#### Exercise objective
Please retype the records below exactly, from the first line down to and including the line with "حجامة وزيوت وطب بديل ومساج علاجي 5".

#### Records shown
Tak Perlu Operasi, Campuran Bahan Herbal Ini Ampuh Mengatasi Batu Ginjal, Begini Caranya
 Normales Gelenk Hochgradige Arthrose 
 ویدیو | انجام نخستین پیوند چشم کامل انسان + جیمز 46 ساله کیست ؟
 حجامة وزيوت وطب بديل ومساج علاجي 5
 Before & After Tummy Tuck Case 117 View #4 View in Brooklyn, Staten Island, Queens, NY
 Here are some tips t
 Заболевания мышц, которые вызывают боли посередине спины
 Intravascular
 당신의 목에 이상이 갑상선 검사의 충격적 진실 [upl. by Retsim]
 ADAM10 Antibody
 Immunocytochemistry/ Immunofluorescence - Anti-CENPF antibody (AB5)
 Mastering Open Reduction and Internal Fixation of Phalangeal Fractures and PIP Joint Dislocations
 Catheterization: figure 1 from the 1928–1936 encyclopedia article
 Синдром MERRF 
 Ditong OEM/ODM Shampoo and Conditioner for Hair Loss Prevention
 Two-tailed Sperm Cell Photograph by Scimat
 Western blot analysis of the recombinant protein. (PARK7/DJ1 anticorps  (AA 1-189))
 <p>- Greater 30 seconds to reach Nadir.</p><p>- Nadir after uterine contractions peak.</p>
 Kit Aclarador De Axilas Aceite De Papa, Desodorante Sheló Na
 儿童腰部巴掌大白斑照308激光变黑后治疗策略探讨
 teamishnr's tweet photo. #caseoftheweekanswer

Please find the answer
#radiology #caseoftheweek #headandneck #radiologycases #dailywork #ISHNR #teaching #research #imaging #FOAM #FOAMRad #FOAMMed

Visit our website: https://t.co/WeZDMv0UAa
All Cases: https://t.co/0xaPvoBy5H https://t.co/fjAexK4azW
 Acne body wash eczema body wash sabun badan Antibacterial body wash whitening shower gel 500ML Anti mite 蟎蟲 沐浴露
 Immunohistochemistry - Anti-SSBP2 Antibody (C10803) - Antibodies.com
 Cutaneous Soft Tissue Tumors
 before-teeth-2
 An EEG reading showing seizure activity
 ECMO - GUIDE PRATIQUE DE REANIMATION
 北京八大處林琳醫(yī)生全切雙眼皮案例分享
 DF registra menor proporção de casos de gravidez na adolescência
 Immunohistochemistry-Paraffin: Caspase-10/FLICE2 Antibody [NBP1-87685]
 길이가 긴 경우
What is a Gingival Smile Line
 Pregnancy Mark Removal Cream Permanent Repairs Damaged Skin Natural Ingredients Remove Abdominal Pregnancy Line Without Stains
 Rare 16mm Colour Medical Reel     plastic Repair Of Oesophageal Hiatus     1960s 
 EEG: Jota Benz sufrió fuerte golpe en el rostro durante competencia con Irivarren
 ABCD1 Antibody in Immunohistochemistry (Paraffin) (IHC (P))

#### Exercise solution
Tak Perlu Operasi, Campuran Bahan Herbal Ini Ampuh Mengatasi Batu Ginjal, Begini Caranya
 Normales Gelenk Hochgradige Arthrose 
 ویدیو | انجام نخستین پیوند چشم کامل انسان + جیمز 46 ساله کیست ؟
 حجامة وزيوت وطب بديل ومساج علاجي 5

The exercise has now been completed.